PhylotasticSpec
about
This is the page for developing specifications, i.e., clear and detailed statements about behavior expected under a set of conditions. Some of these may come from the scoping statements.
Note that we can split this into a less demanding spec (e.g., Phylotastic version 0.2) and a more demanding spec (version 1.0).
some questions
- what are the expected inputs and outputs in 80 or 90 % of use-cases or invocations?
- consider both types and amounts of information
- what options must be given to the user?
- what are the sensible defaults?
- what errors, warnings are essential?
- what metadata must be added at this step?
in regard to #2, #4 and #5, don't over-design-- remember that we can extend the interface later, but we don't want to subtract later.
Should phylogeny services return only topologies without branch lengths?
Should a client send names of higher taxa to a phylogeny service?
- Yes.
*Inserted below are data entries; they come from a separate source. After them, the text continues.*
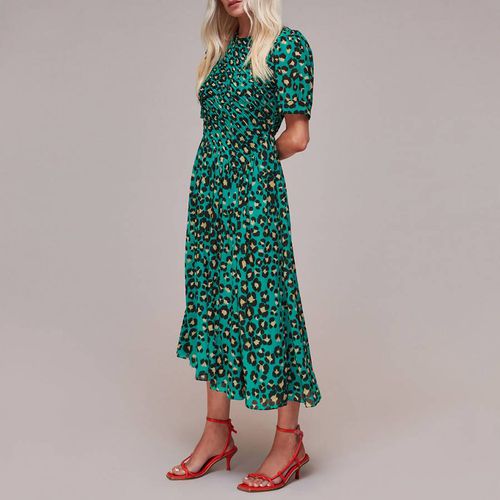 Green Petite Leopard Shirred Dress - WHISTLES - Modalova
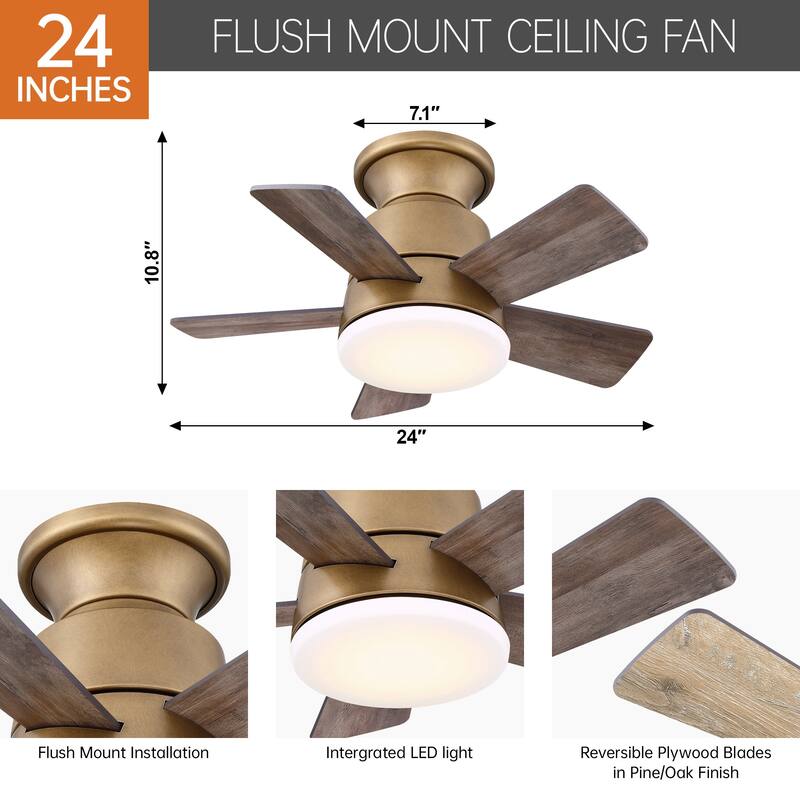 24" Aged Brass Wooden Small Dimmable Hugger Ceiling Fan with Light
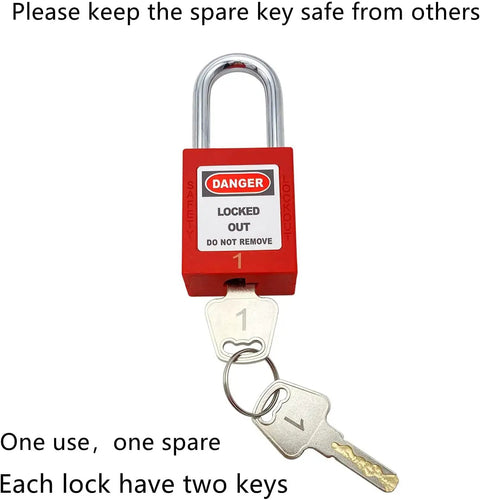 50 Keyed Differing Lockout Tagout Locks With 50 Unique Keys And 50 Tags For Compliance, red lock with two keys attached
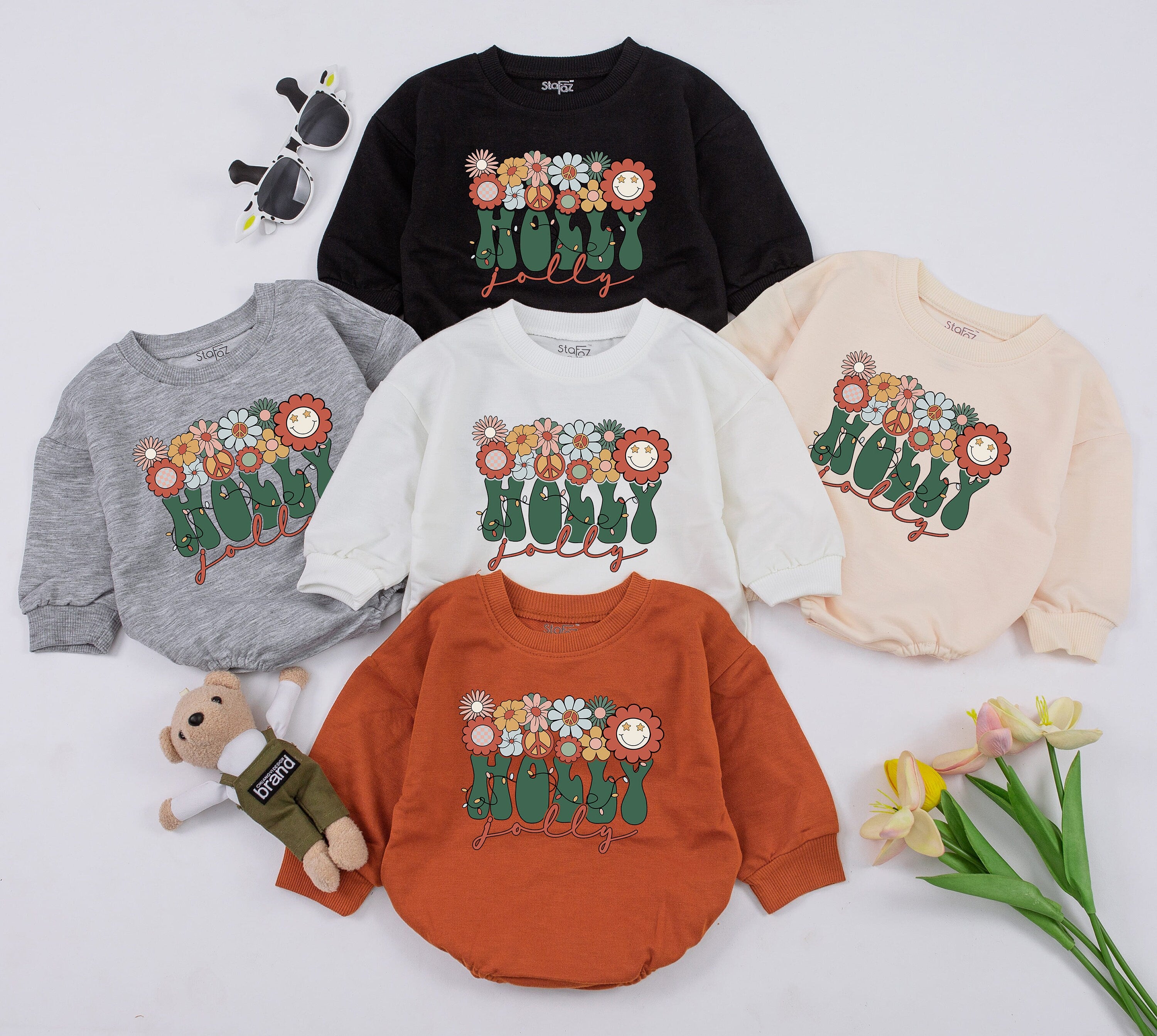 Vintage Holly Jolly Baby Romper Christmas Outfit Colorful Retro Flowers Peace Sign Design Cotton Soft 1st Xmas Gift Infant Holiday Clothes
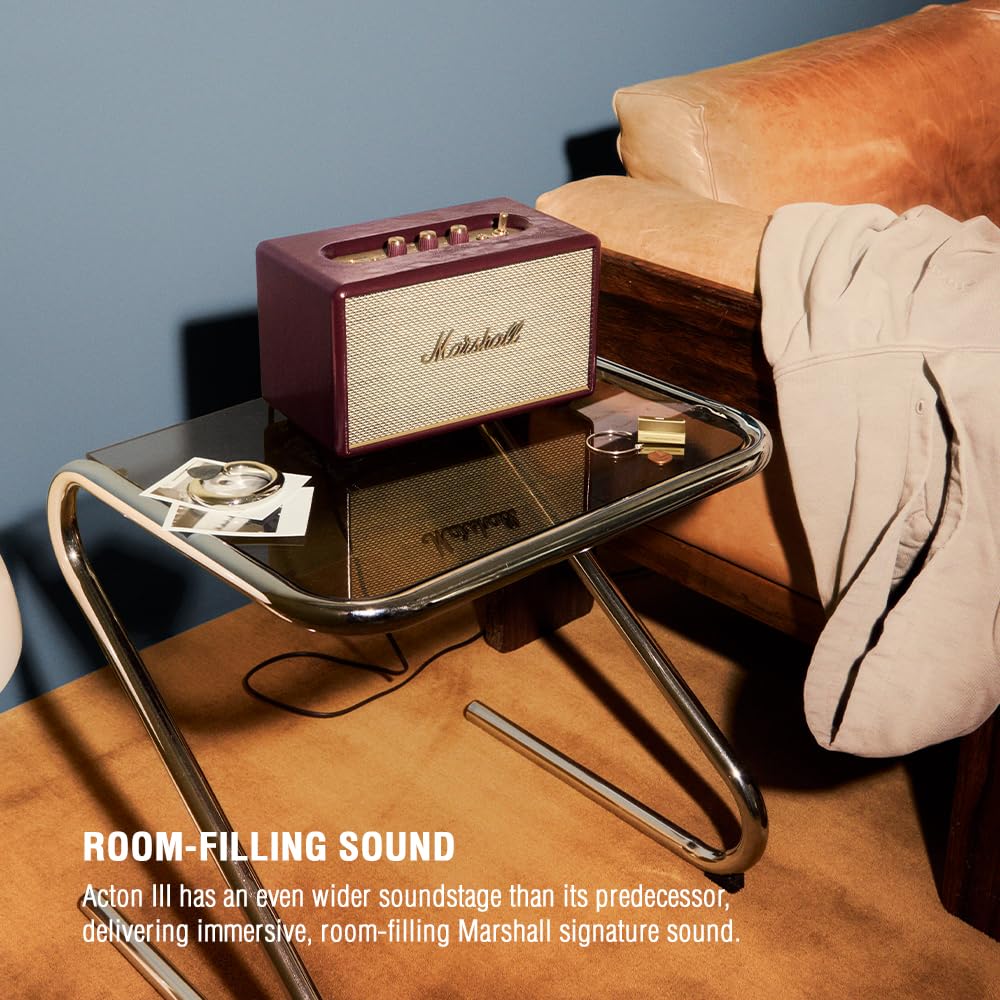 Marshall Acton III Wired Stereo Home Speakers, Bluetooth 5.2, RCA & 3.5mm Input, Burgundy – Premium Home Audio Speaker System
Phylogeny services can ignore these if they don't know what to do with them. If the phylogeny service wants to invoke a taxonomy resolver-sampler on the inputs, it can do that.
- No.
a strawman sketch of APIs
- The Phylotastic CORE (core broker) API
- invokes phylotastic services (in combination) to produce scaled tree (list of OTUs --> phylogeny with OTUs)
- The Phylotastic Phylogeny Service (Operation) API
- provide a phylogeny with or without branch lengths for a named list of OTUs
- The Phylotastic Name Resolution Service (Operation) API
- translate input list of names into qualified names (list of names --> resolved list of names)
- The Phylotastic Annotation Service (Operation) API
- modify a phylogeny by adding annotations to branches or nodes
- The Phylotastic Scaling Service (Operation) API
- modify a phylogeny by adding branch lengths or node ages
- The Phylotastic TreeStore API
- tools to add, delete, update and annotate the back-end treestore of a phylogeny service
- The Phylotastic Taxonomy Sampler API
- for a taxon T, provide a sample S = { S1, S2 . . . } by user criterion
- format translation services API
- (format X --> format Y)
scoping statements
In Scope
- Populating data store of existing trees
- Evolution of PhyloWS to support the needs of Phylomatic
- Taxonomic name resolution (embedding existing TNRS capacities)
- Pruning trees and grafting species on them
- Branch length (existing methods for incorporating branch lengths)
- Integration of data and trees (e.g., mashups) - species-wise integration
- Display of resulting trees (using existing technologies)
- Wrap all these existing tools as web services
- NeXML syntax extensions if needed
- If needed, determine methods for compressing NeXML representations
- Simple user interface (web form)
Not In Scope
- Constructing new input trees
- New Data Generation
- Arguing or evaluating the correctness of trees
- Design of new TNRS systems
- Debates about which naming system is best
- Developing new techniques to derive branch lengths
Uncertain, depends on participant skills and perspectives
- Phylo-referencing
- MIAPA annotations of the steps; provenance annotations
Taxonomic name resolution
Critical questions and cases
- what specific operations are required for basic phylotastic functionality? more advanced functionality?
- do we need to support strict and non-strict resolutions?
- Homonymy: Many Linnaean binomials are re-used for both a plant and an animal taxon, as their codes don't preclude overlap [[1]]. How will we avoid dramatic mix-ups?
- Cross-code synonyms are in completely different kingdoms, so we could use resolve a taxon to the kingdom level and check if one kingdom ends up in a node with a bunch of others. That won't cause us any problems until we have trees going back to splits between kingdoms, and should still be identifiable by looking out for a group of Kingdom X inside Kingdom Y.
- We could also allow users to specify taxa using taxonomic identifiers (ITIS TSNs, uBIO LSIDs, etc.), although this won't sort out all our problems either (http://www.ubio.org/browser/details.php?namebankID=238253 is Crucibulum, a cross-code synonym which uBio matches to both the fungus and the gastropod). Users should always be able to clarify this by using the full taxonomic name under either code (in this case, "Crucibulum Schumacher, 1817" (gastropod, ICZN) vs "Crucibulum Tul. & C. Tul." (fungus, ICBN))
- Homonymy: Many Linnaean binomials are re-used for both a plant and an animal taxon, as their codes don't preclude overlap [[1]]. How will we avoid dramatic mix-ups?